Dans la 10e chambre du Tribunal administratif de Nantes ce lundi 15 janvier, une avocate attend que l’audience commence. Elle est venue avec son client, un réfugié guinéen qui vient contester le refus de délivrance de visa que la France oppose à sa femme et à leur fille, née en 2017. Fin 2019, après la reconnaissance de son statut par la Cour nationale du droit d’asile (CNDA), il a demandé une réunification familiale aux autorités consulaires françaises en Guinée où la mère et l’enfant résident toujours – c’est l’une de spécificités et difficultés de ce contentieux que d’être exercé physiquement depuis l’étranger. Les autorités consulaires en Guinée ont refusé, arguant que l’intéressé serait connu des services de police en France pour des faits de violences conjugales sur une autre femme, et que les documents d’état civil produits par les demandeuses ne permettraient pas d’établir leur identité et leur lien familial avec lui. Le requérant s’est adressé à la Commission de recours contre les refus de visas d’entrée en France (CRRV), étape préalable obligatoire, et celle-ci a confirmé le refus. Aujourd’hui, l’affaire arrive devant le juge du fond. « On a eu le sens des conclusions du rapporteur public et c’est positif », signale l’avocate qui évoque « une décision d’annulation de la décision ».

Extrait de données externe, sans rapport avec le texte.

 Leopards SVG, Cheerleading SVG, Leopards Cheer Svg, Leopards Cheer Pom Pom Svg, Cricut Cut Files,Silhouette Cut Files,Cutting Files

L’audience commence avec la lecture de l’affaire par l’un des deux conseillers autour de la présidente Mme Le Barbier. Puis, le rapporteur public, M. Barès, se lève pour lire ses conclusions. « La Commission n’a pas repris le motif initialement opposé », fait-il remarquer, celui des violences conjugales, et de préciser que la procédure pénale avait été classée sans suite et que le requérant soutenait qu’il n’était pas en couple avec la plaignante. « La décision est fondée sur un unique motif tiré du caractère non probant des documents d’état-civil produits », poursuit-il, avant de développer un argumentaire contestant la position de l’administration. Le magistrat écarte les soupçons de fausses déclarations ou de mariage blanc, « extrêmement difficiles à prouver » en l’espèce. Il évoque d’une part un jugement supplétif établissant l’identité de l’épouse, la Guinée ne tenant pas de registre d’état-civil ou pas de manière complète comme cela arrive dans certains pays africains, et d’autre part, « le caractère authentique et intangible » de l’acte de mariage entre les époux établi par l’Office français de protection des réfugiés et apatrides (OFPRA). « Les éléments sur lesquels l’administration se fonde sont trop fragiles pour remettre en cause l’intention matrimoniale des deux requérants », résume-t-il, avant de proposer d’annuler la décision attaquée « pour une double erreur d’appréciation », d’enjoindre au ministre de l’Intérieur de délivrer les visas longs séjours sollicités pour l’épouse et l’enfant, et de condamner l’État à verser 1 200 € à l’avocate.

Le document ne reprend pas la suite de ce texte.